[[ Input data open ]]

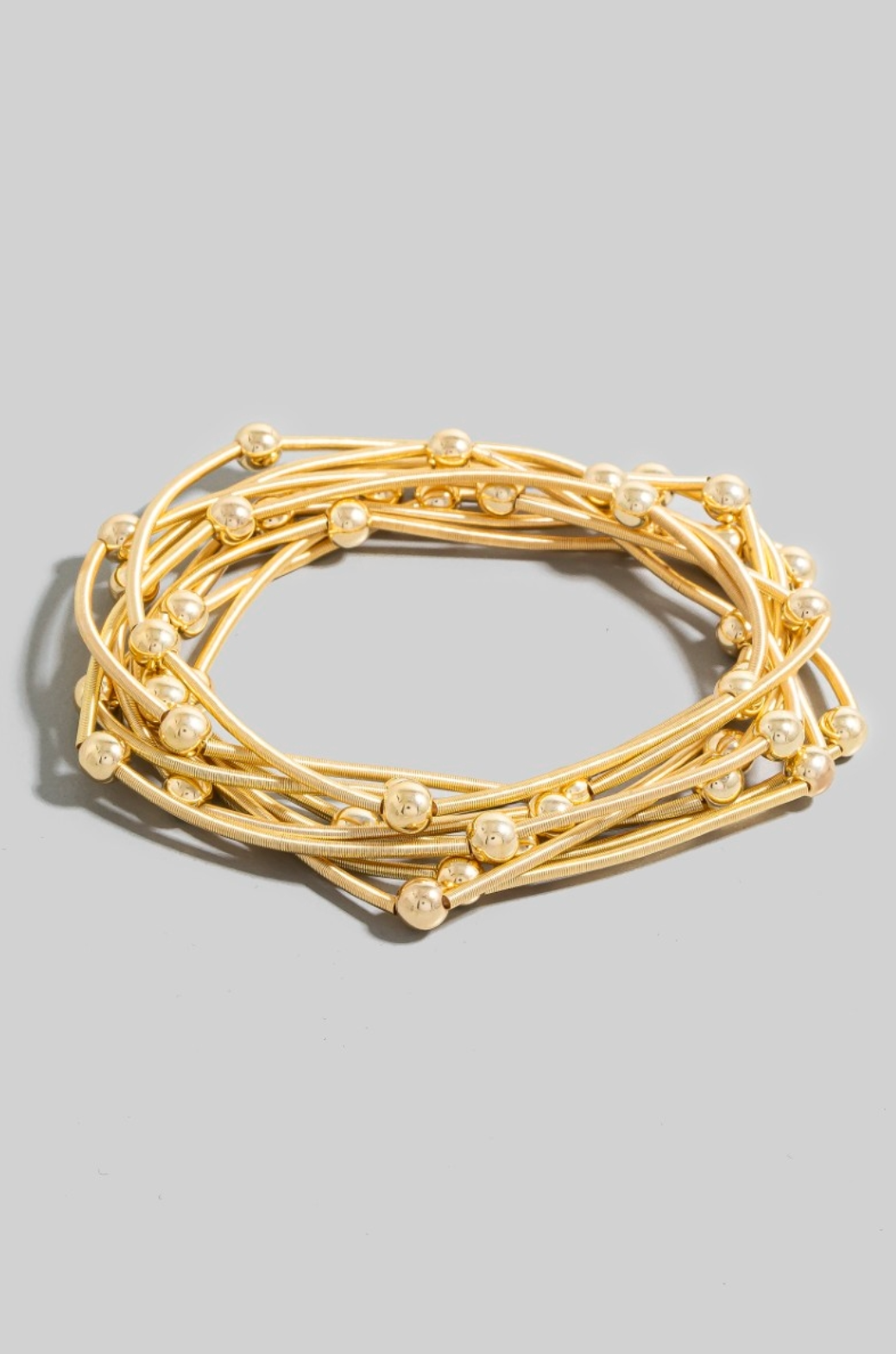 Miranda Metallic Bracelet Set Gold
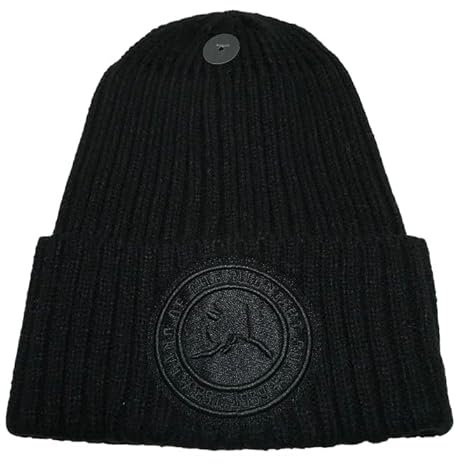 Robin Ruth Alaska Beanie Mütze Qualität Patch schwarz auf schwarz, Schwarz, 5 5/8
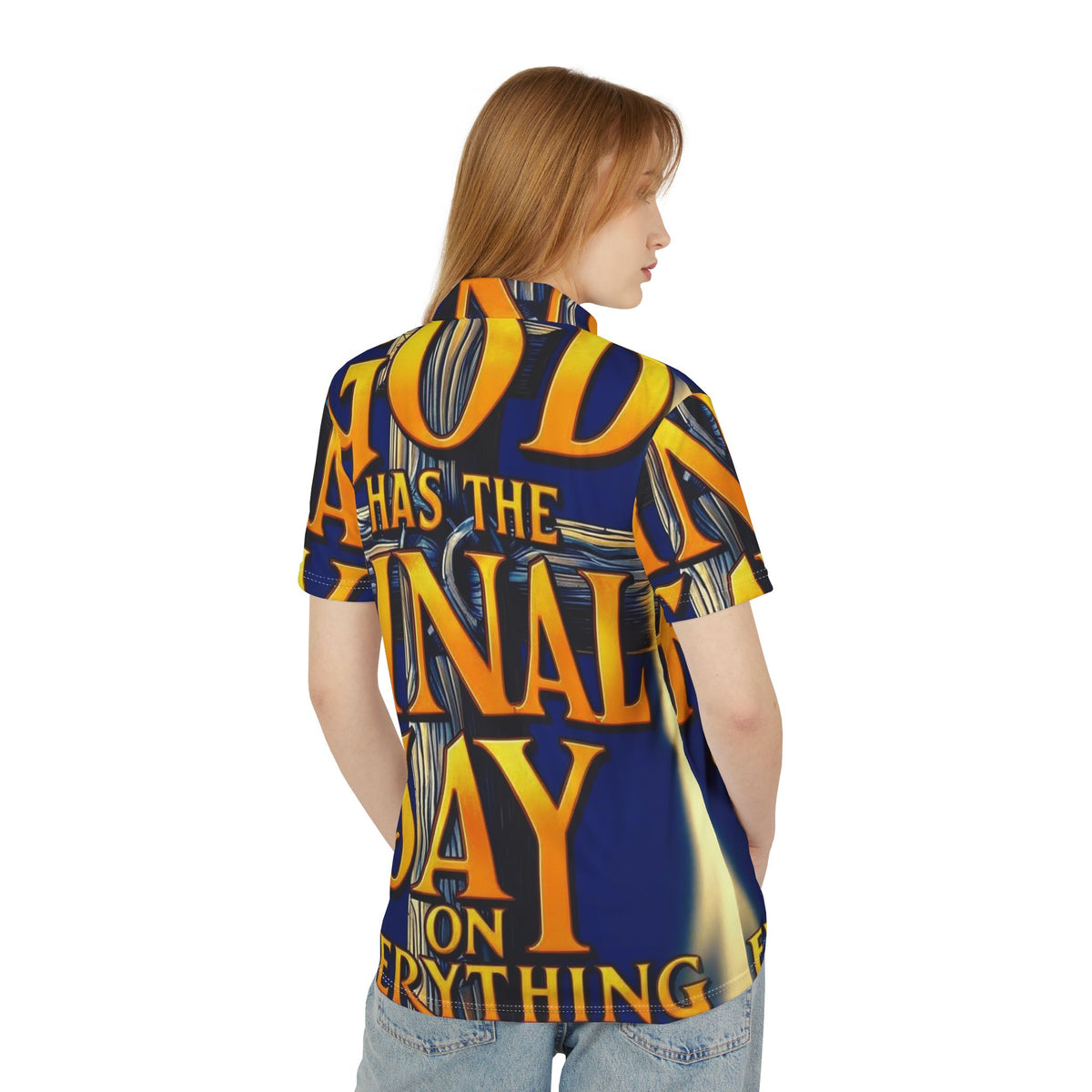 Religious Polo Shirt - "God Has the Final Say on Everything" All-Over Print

[[ Input data closed ]]

• Exercise requirements:
Give the complete material again, exactly as written. Do not include the pictures.

• Exercise result:
 Miranda Metallic Bracelet Set Gold
 Robin Ruth Alaska Beanie Mütze Qualität Patch schwarz auf schwarz, Schwarz, 5 5/8
 Religious Polo Shirt - "God Has the Final Say on Everything" All-Over Print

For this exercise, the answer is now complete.